4/4/20 By DAN ULLOA
The clinical cannabis situation in New Jersey has only worsened as the Coronavirus pandemic crisis has gotten dragged on.
One patient said that he had to wait for three hours for service at Breakwater. And because the bathrooms are closed, likely to halt the spread of the disease, this forced him to bring a tent and make-shift toilet to the dispensary to cope with Crohn’s disease while he waited for his medicine.
“They should have at least port-a-johns,” he said. He added that there have been long lines consistently everyday before the staff arrives.
Patients have begun lining up hours before a dispensary opens in hopes of securing their medicine. Many people in wheelchairs were reported waiting. Only two people are allowed at a time. Once you make an order, you cannot change it.
To cope with the crisis, the New Jersey Department of Health (NJDOH) previously announced that caregiver fees would be reduced as a way to help. Caregivers can purchase clinical cannabis for patients.
Garden State Dispensary’s two location in Woodbridge and Union Township are operating at reduced hours due to Coronavirus contamination. On their website it says they plan to add more staff to cope with the demand.
This is a serious issue for patients who depend on their medical marijuana to live a fairly normal life.
Many patients are feeling especially anxious due to the Coronavirus and its negative effects, especially on the economy. Thus, using cannabis to cope is logical. But the sheer volume is causing service to decline because it cannot cope.
It has become apparent since the advent of the Coronavirus pandemic that drastic policy changes are needed.
Long-term clinical cannabis (or medical marijuana) solutions to address issues many advocates have suggested to deal with the program’s underlying problems have become even more relevant. Specifically, homegrow and home delivery.
Home delivery was authorized in the Jake Honig Act that was signed into law last July. The same law authorized the dispensaries to open satellite locations. And while two dispensaries have done so, none of have begun to do so.

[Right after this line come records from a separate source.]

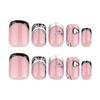 Valentine's Day Press On Nail Short Square False Nail Winter Nail with Heart Designs Stick On Nail Artificial Nail 24Pcs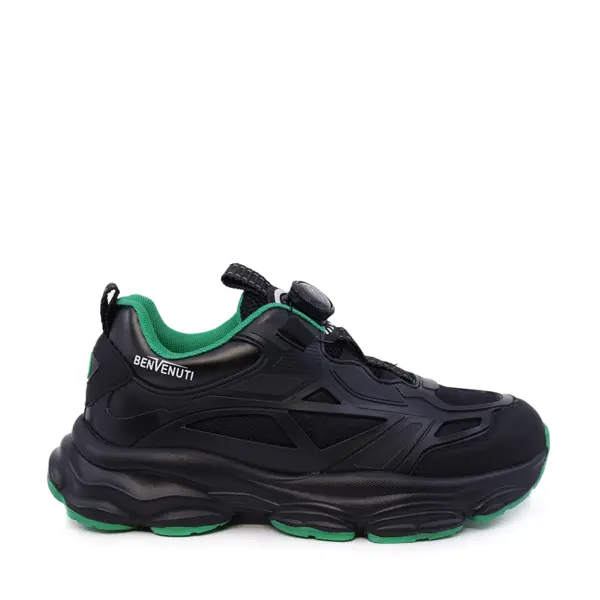 Sneakers baieți Benvenuti negri din material textil și sintetic 3791MP025N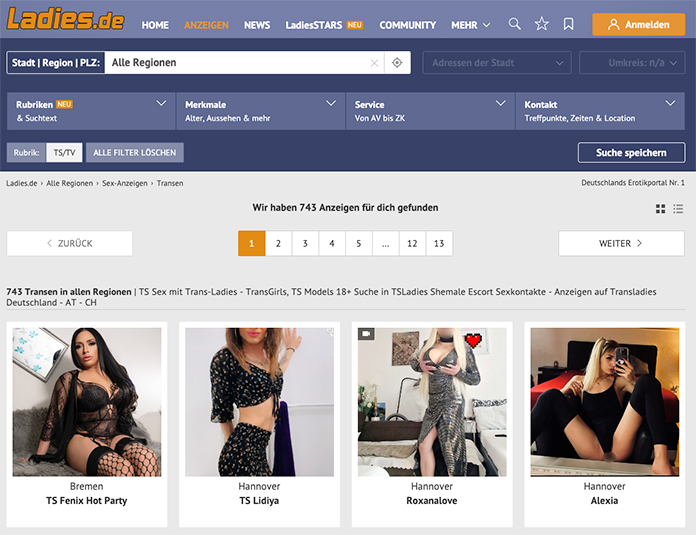 Trouvez des contacts transsexuels avec ladies.de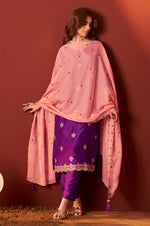 Purple Chinnon Embroidered Kurta Set With Dupatta For Women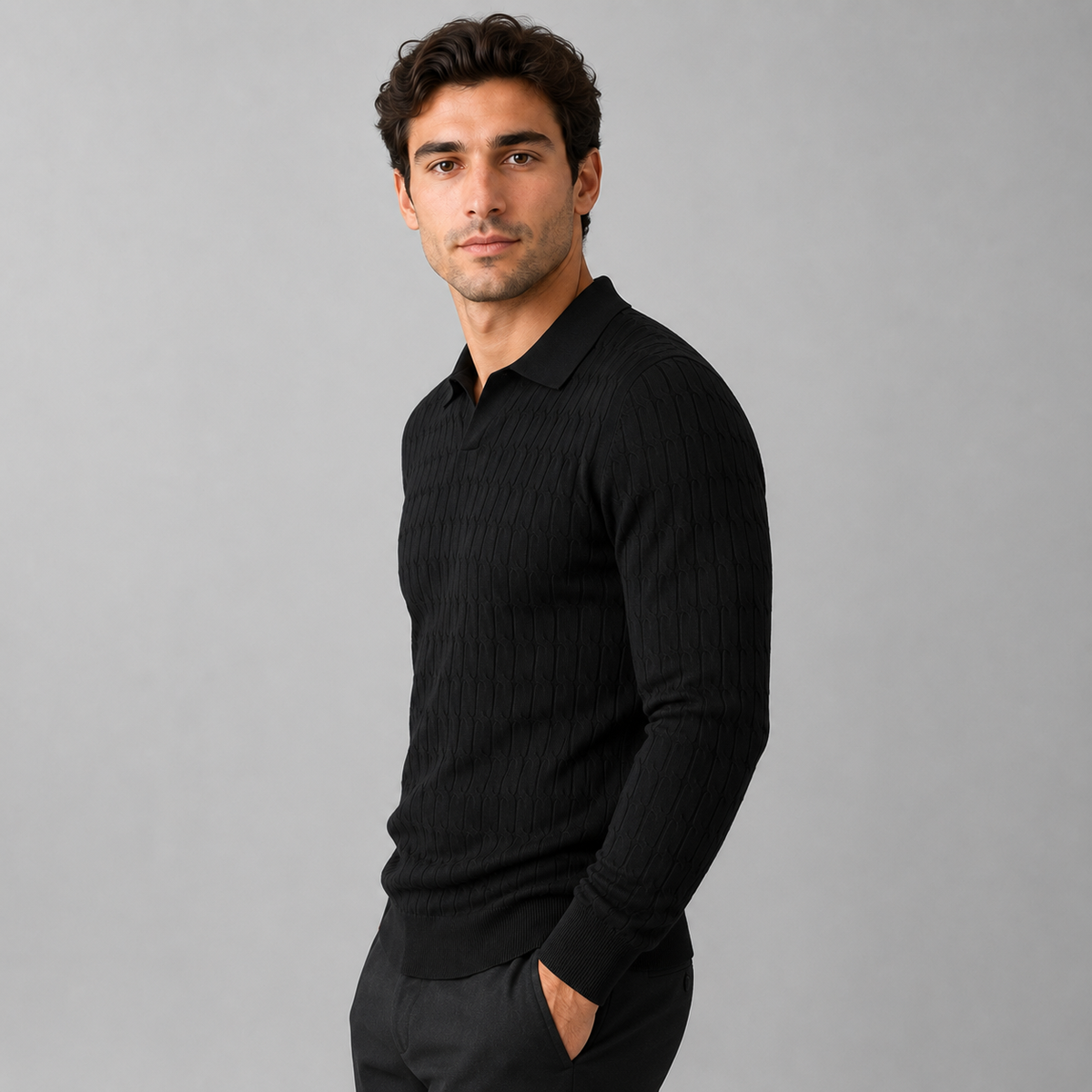 Men Knitted Polo Jumper Contrast Collar Loose Fit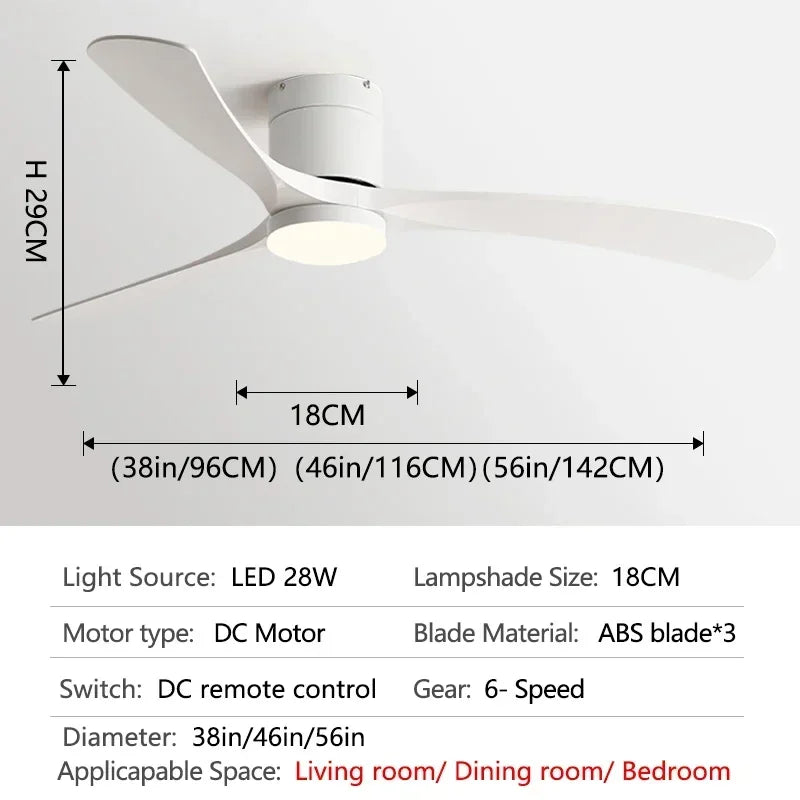 Low Ceiling DC Ceiling Fan Light with Remote 38-56" pure-white 38-inch dc-wall-switch by HitMyNeed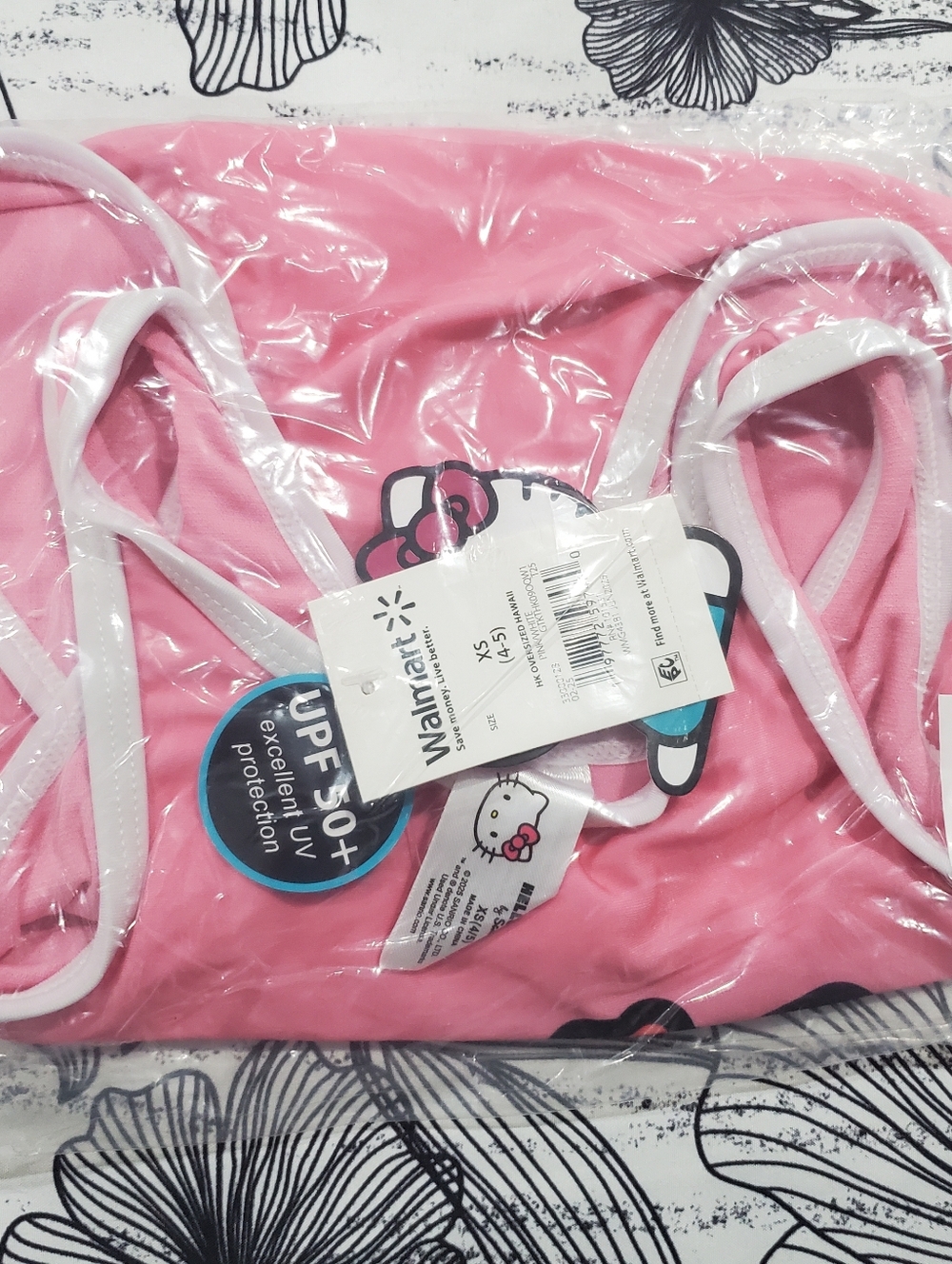 Hello Kitty Pink One-Piece Swimsuit with White Trim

And homegrow remains as difficult as ever with Senator Nick Scutari (D-Union), the leading cannabis champ sensor in the Senate remaining opposed to it. He said it could help spread the black market.
JoAnne Zito, a leader of the most recent effort named “Jeff’s Law” said their petition has 935 signatures thus far.
“Sadly, nothing could prove our point more than this,” Zito said. “But with this new normal, cannabis deemed essential medicine and likely more pandemic in the future, it’s not something they can deny.”
Zito added she planned to follow up with the Governor’s office on homegrow.
The black market does not need help spreading. It has been doing fine spreading without homegrow. Forty years of prohibition did not stop it. Nor will prohibiting homegrow.
The problem is that certain authority figures do not want to concede they lost the War on Drugs with regards to cannabis and that trying to stop has led to far more negatives side effects than positive outcomes.
More dispensaries are obviously needed. However, that has been held up by a court case that severely criticized the NJDOH’s handling of the medical marijuana license process. And the court case is held up by Coronavirus. Its oral arguments were supposed to be heard last month.
Many Clinical Cannabis Problems
Soon after Governor Phil Murphy was sworn into office and realized that the medical program needed to be expanded. He was able to add qualifying conditions to the program easily which has allowed the program to grow from serving about 17,000 patients to around 73,000 patients from 2018 to 2020.
However, dispensaries have not kept pace with this expansion. Initially there were only five dispensaries operating in New Jersey when Murphy took office. Harmony dispensary in Secaucus open shortly after, having been authorized in the Christie administration.
There are currently nine medical marijuana dispensaries open in New Jersey.
Social Safety Net Severely Strained
The clinical cannabis program is not the only service that has been strained due to Coronavirus.
Workers who have jobs that depend on interacting with customers have largely been laid off. This has caused unemployment to soar. People are saying this will be a deeply felt recession.
Schools have to find work arounds to teach all their lessons online. And what’s worse, food pantries are being strained too as the pandemic crisis continues.
This will continue for some time. A prominent activist sought a 4/20 protest permit at the New Jersey Statehouse said on Facebook no permits are being given out.
While many are enjoying that fact that it’s technically “4/20” all month, April 20th will likely not be a day of celebration of cannabis nor a protest advocating for its legalization and normalization.
Perhaps the new cannabis oil fest of 7/10 will be better.
New Jersey is one of the places that has been hit hardest by Coronavirus! Please stay safe and practice social distancing. While difficult, it is the most effect way to stay healthy.